There are different ways that different American states select their lieutenant governor. Not every state even has a lieutenant governor. Selection processes include gubernatorial candidates picking their own potential lieutenant governor. Another version is where lieutenant gubernatorial candidates run in party primaries. Then they basically wait to see who wins the general election. In some states, the two offices are elected altogether separately.
It's in that last category that friction tends to most likely form between the two officeholders.
Such as the case in Idaho, even though they both come from the same party. The two individuals in question are Governor Brad Little and Lieutenant Governor Janice McGeachin. Whose relationship has been described as 'tense', notes the Idaho Statesman and MSN. And tensions may have just been dramatically escalated.
McGeachin looking to top Little in the Republican primary
Janice McGeachin is challenging Little in the primary for the next gubernatorial election, currently slated for 2022 and marking what could be the culmination of a showdown that had been building for some time.
Brad Little and McGeachin are associated with two different wings of the Republican Party. Little is often thought of as more of a moderate.
Meanwhile, McGeachin is affiliated with the far-right. Including previously appearing clad with a firearm pushing unfounded conspiracy theories about the COVID-19 pandemic. It's that subject that seems to have been the catalyst for the lieutenant governor launching her insurgent campaign.
The open friction has understandably drawn questions.
But Tom Luna, chair of the Idaho Republican Party, has downplayed this. Calling the party's approach a 'big tent' platform and saying Republicans were united against the left.

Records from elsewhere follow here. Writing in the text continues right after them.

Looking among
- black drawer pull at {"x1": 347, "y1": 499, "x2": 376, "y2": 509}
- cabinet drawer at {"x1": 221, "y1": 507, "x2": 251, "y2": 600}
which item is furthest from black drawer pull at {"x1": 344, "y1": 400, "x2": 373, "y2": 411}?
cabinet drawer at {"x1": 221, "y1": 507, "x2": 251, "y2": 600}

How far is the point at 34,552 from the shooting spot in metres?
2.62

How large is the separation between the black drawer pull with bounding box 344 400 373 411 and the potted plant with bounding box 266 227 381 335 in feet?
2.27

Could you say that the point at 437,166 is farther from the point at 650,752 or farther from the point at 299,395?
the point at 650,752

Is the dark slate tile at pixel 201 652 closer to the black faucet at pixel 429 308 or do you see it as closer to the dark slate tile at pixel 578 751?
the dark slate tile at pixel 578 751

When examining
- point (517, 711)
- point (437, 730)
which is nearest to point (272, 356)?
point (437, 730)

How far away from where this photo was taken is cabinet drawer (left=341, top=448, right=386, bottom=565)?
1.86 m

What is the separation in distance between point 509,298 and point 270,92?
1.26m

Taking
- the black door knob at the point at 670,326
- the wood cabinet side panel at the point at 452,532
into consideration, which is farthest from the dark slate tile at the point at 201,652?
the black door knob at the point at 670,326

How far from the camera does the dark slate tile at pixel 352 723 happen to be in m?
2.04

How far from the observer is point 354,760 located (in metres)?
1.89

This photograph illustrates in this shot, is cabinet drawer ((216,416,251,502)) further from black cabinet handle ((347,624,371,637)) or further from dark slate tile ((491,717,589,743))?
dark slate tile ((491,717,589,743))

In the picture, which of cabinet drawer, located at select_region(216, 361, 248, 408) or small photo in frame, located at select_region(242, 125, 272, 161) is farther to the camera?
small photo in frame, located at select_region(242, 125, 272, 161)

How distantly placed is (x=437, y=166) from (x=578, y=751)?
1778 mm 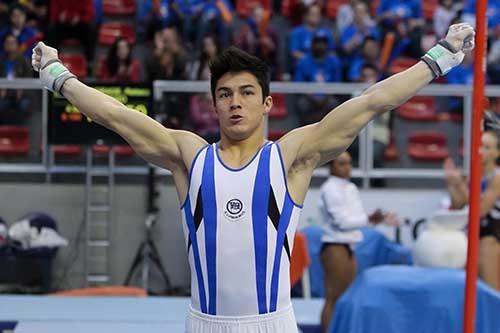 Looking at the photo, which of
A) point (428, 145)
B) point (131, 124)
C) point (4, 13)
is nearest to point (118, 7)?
point (4, 13)

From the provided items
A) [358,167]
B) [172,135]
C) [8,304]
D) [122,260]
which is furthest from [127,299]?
[172,135]

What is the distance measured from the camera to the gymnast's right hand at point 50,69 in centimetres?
438

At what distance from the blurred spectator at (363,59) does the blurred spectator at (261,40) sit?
0.86m

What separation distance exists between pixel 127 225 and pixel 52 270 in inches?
32.2

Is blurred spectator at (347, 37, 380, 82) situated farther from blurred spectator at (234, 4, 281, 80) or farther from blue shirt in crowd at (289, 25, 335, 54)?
blurred spectator at (234, 4, 281, 80)

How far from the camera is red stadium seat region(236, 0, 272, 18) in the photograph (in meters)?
14.8

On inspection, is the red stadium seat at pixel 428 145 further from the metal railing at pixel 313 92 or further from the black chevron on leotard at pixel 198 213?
A: the black chevron on leotard at pixel 198 213

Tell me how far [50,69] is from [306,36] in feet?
31.1

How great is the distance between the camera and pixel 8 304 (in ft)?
28.6

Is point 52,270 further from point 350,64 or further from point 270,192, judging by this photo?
point 270,192

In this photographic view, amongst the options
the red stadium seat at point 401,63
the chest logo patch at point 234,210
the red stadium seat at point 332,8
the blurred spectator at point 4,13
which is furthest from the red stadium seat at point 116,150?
the chest logo patch at point 234,210

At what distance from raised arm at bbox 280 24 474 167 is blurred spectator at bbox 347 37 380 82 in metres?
8.61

However true Luna's claims might be, Republicans in Idaho seem to be relatively comfortable at present. Whoever the gubernatorial nominee is, Little, McGeachin, or somebody else entirely, is strongly favored to win 2022.
A similar situation apparently emerged in Idaho in 1938. That time, among Democrats and the result, was disastrous for the party. Then-Lieutenant Governor Charles C. Gossett challenged then-Governor Barzilla W. Clark for the Democratic nomination for Governor. Neither would receive it. It instead went to former Governor C. Ben Ross. Who lost the general election to Idaho Republican Party Chair and former state house Speaker C.A. Bottolfsen. The Republicans also took the lieutenant governorship that year when Donald S. Whitehead won it. Gossett would go on to make a career comeback.
Little and McGeachin were both elected in 2018
Brad Little was elected Governor in 2018 by a wide margin. He also spent a decade serving as lieutenant governor.
Then-Governor Butch Otter initially appointed him to the post. It came after Little's predecessor, Jim Risch, was elected to the U.S. Senate. Little won in landslide elections in his own right in 2010 and 2014.
Little had previously also been initially appointed to the Idaho Senate. At that time, it was by Governor, a future U.S. Secretary of Agriculture, Dirk Kempthorne. The appointment was followed by Little winning the seat four times. His father, David, was a member of the Idaho Senate and the Idaho House of Representatives.
McGeachin also easily won her race in 2018. Her first attempt at elected office in 1998 was unsuccessful. In that case, it was for the commissioner of Bonneville County in southeastern Idaho. Afterward, she won five terms in the Idaho House of Representatives.